What you should do: Of all the lines below, output only those starting at the one with "Aerial view of" and ending at the one with "1MHz Insert-Type Piezoelectric", both ends included, exactly as written.
(Beginning of Raw data)
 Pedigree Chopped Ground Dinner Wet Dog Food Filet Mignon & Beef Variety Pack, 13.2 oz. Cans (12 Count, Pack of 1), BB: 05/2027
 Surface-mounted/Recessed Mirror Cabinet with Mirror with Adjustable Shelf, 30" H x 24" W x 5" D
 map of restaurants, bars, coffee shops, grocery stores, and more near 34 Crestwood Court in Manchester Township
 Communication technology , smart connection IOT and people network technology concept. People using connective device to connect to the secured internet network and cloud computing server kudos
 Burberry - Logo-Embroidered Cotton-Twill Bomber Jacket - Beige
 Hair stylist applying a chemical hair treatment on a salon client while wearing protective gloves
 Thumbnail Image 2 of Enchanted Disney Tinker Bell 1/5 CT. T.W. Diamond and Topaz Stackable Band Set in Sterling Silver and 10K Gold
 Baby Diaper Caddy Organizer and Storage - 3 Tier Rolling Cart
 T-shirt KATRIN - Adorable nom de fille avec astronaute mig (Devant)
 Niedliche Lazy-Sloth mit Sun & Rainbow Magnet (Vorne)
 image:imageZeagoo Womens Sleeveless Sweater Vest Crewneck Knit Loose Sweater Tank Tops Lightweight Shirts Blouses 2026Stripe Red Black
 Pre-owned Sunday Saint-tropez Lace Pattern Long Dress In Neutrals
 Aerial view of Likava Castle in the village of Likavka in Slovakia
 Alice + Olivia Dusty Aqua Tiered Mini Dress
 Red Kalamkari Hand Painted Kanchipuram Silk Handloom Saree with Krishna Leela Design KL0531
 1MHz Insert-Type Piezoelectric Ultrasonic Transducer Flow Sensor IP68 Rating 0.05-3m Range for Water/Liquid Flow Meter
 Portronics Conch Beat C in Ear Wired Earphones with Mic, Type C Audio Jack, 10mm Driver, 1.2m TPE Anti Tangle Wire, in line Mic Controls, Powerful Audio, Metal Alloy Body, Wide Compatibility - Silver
(End of Raw data)
Task solution:
 Aerial view of Likava Castle in the village of Likavka in Slovakia
 Alice + Olivia Dusty Aqua Tiered Mini Dress
 Red Kalamkari Hand Painted Kanchipuram Silk Handloom Saree with Krishna Leela Design KL0531
 1MHz Insert-Type Piezoelectric Ultrasonic Transducer Flow Sensor IP68 Rating 0.05-3m Range for Water/Liquid Flow Meter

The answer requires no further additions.